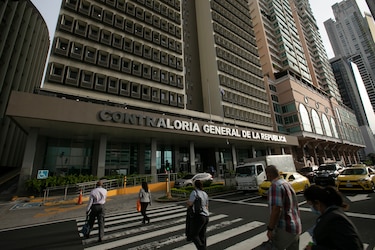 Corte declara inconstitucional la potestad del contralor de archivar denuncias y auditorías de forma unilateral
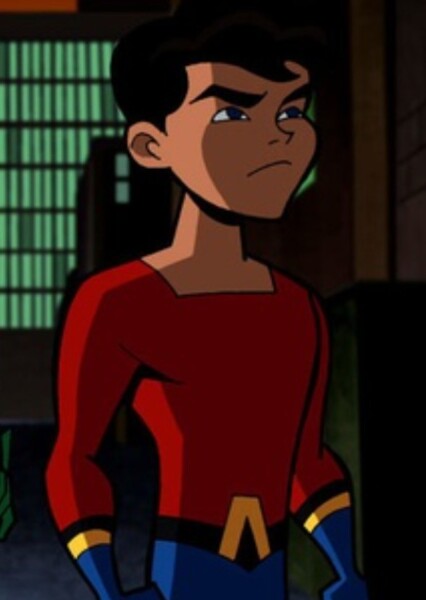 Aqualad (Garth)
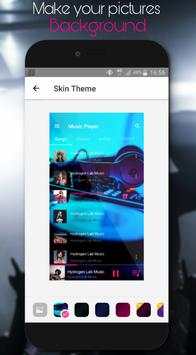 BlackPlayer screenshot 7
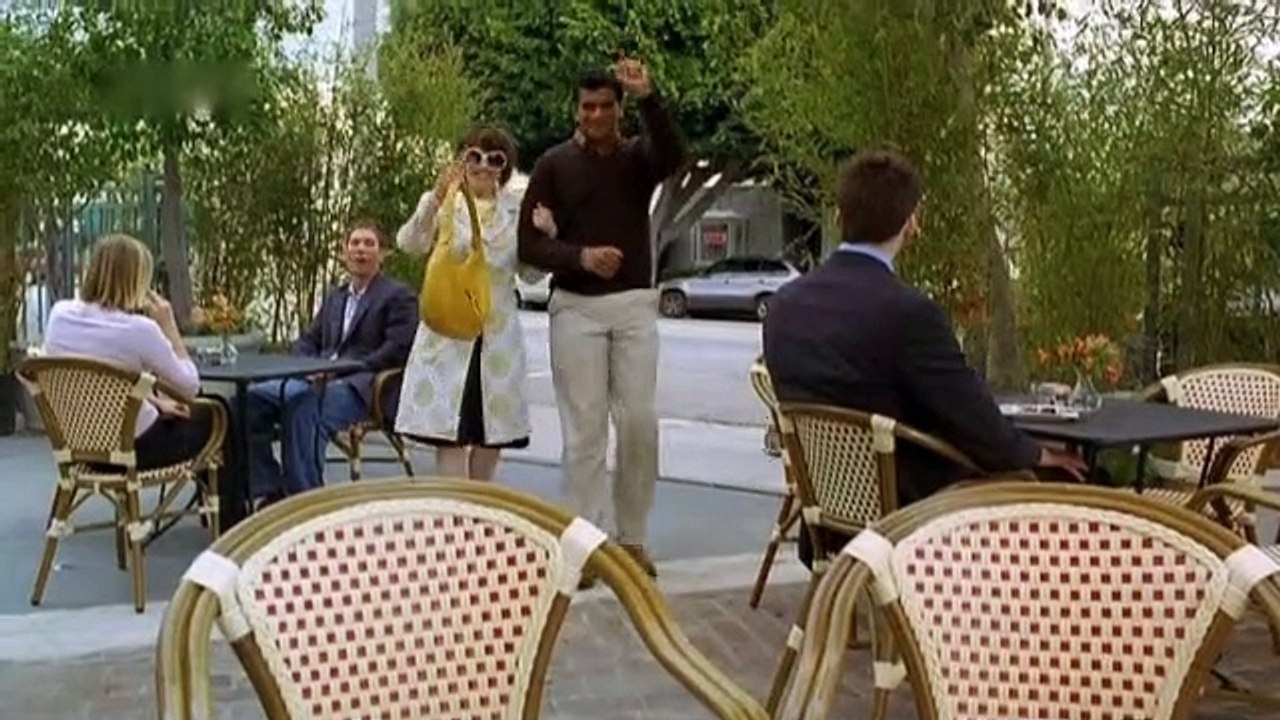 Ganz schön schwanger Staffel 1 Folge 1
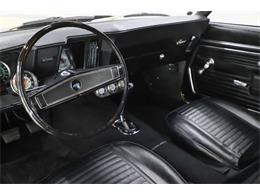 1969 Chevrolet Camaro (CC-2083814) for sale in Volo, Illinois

WORK TO BE COMPLETED> Write out the data above exactly as it appears, but without any image.

SOLUTION TO THE PROBLEM>
 Corte declara inconstitucional la potestad del contralor de archivar denuncias y auditorías de forma unilateral
 Aqualad (Garth)
 BlackPlayer screenshot 7
 Ganz schön schwanger Staffel 1 Folge 1
 1969 Chevrolet Camaro (CC-2083814) for sale in Volo, Illinois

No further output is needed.